Gross S, Gase K, Malke H
Institute for Molecular Biology, Jena University, Winzerlaer Strasse 10, D-07745 Jena, Germany.
Arch Microbiol. 1996 Aug;166(2):116-21. doi: 10.1007/s002030050364.
DNA sequences upstream of the core promoter region of the streptokinase gene (skc) from Streptococcus equisimilis H46A increase skc transcription more than tenfold in vivo. This promoter upstream region contains a segment of intrinsically bent DNA, the precise location of which was determined experimentally by circular permutation analysis and theoretically by computer prediction.

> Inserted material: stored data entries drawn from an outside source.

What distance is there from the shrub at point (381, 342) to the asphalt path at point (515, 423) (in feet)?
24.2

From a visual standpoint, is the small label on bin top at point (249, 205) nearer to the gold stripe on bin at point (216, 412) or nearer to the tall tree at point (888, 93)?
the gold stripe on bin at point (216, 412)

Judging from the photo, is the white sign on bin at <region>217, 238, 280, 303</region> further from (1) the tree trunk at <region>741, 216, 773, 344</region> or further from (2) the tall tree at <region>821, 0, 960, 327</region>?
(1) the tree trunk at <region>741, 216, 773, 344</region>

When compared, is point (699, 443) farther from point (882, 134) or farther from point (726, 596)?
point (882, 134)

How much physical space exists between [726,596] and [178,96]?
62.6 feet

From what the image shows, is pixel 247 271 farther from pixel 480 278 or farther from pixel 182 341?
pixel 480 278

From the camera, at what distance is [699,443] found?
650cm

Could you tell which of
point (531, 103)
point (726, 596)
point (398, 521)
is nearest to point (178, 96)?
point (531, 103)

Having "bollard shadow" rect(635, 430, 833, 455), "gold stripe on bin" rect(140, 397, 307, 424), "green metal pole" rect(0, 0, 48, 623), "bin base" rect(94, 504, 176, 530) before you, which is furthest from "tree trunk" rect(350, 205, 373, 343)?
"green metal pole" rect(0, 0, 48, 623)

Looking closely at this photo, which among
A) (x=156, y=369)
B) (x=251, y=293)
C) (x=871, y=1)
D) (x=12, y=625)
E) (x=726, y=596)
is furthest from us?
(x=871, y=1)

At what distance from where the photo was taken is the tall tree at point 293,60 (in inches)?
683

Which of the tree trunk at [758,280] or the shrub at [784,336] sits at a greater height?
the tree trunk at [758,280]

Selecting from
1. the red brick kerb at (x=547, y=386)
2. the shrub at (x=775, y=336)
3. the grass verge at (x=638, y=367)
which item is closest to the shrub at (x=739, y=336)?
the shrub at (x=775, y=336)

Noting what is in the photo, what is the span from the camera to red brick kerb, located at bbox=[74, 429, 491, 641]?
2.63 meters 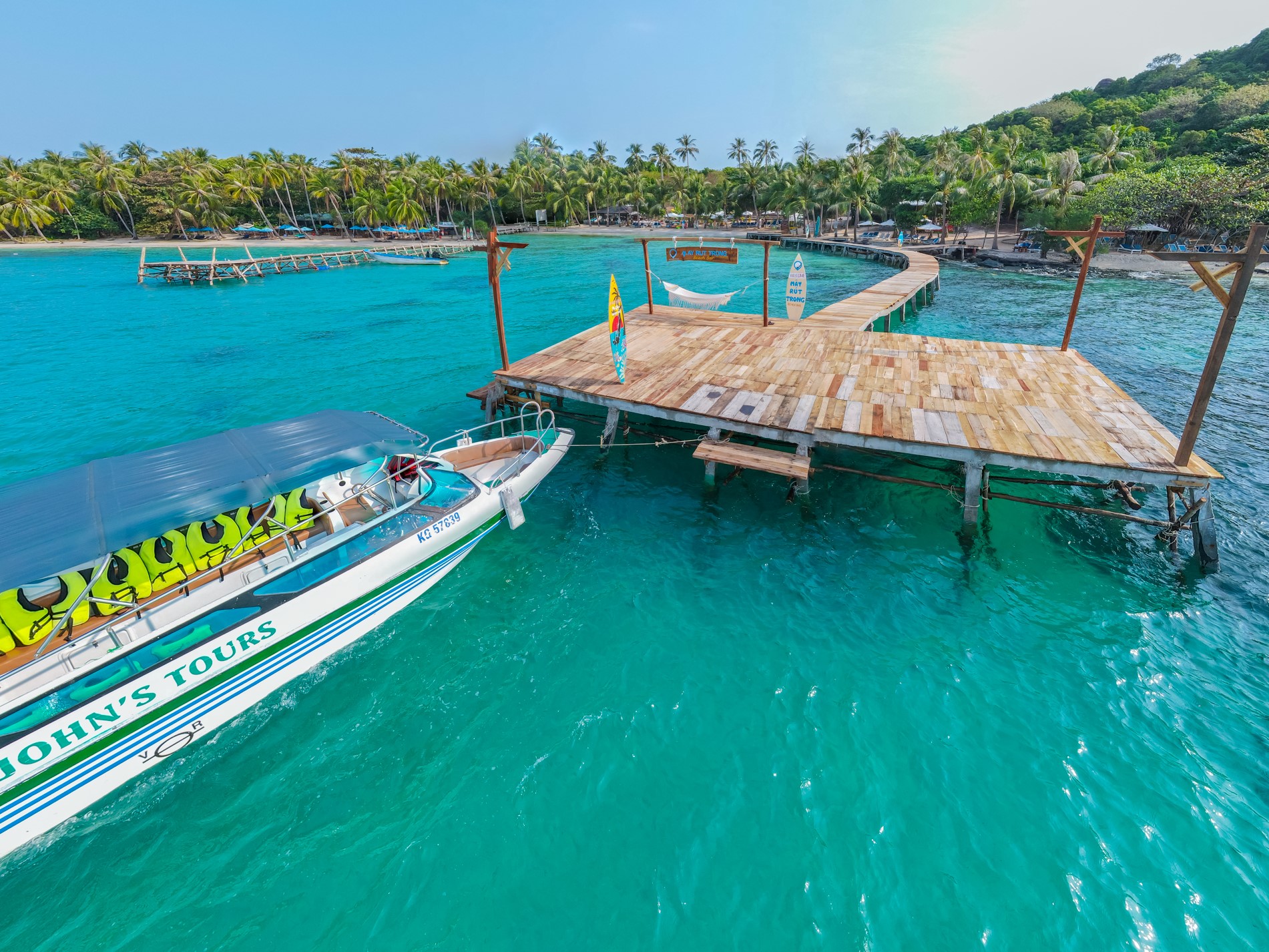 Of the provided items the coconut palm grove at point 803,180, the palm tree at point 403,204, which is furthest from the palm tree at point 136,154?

Electrophoretic analysis of circularly permuted upstream DNA fragments placed the bend center approximately at position -100 with respect to the major transcription initiation site of skc. This position was in excellent agreement with the center of maximum curvature predicted theoretically. Knowledge of the precise location of the bend center will be useful for future studies of the possible effect of DNA bending on skc transcription.
来自类马链球菌H46A的链激酶基因(skc)核心启动子区域上游的DNA序列在体内可使skc转录增加十多倍。该启动子上游区域包含一段固有弯曲的DNA,其精确位置通过环形置换分析实验确定,并通过计算机预测从理论上确定。对环形置换的上游DNA片段进行电泳分析,将弯曲中心定位在相对于skc主要转录起始位点约-100的位置。该位置与理论预测的最大曲率中心高度吻合。弯曲中心精确位置的信息将有助于未来研究DNA弯曲对skc转录可能产生的影响。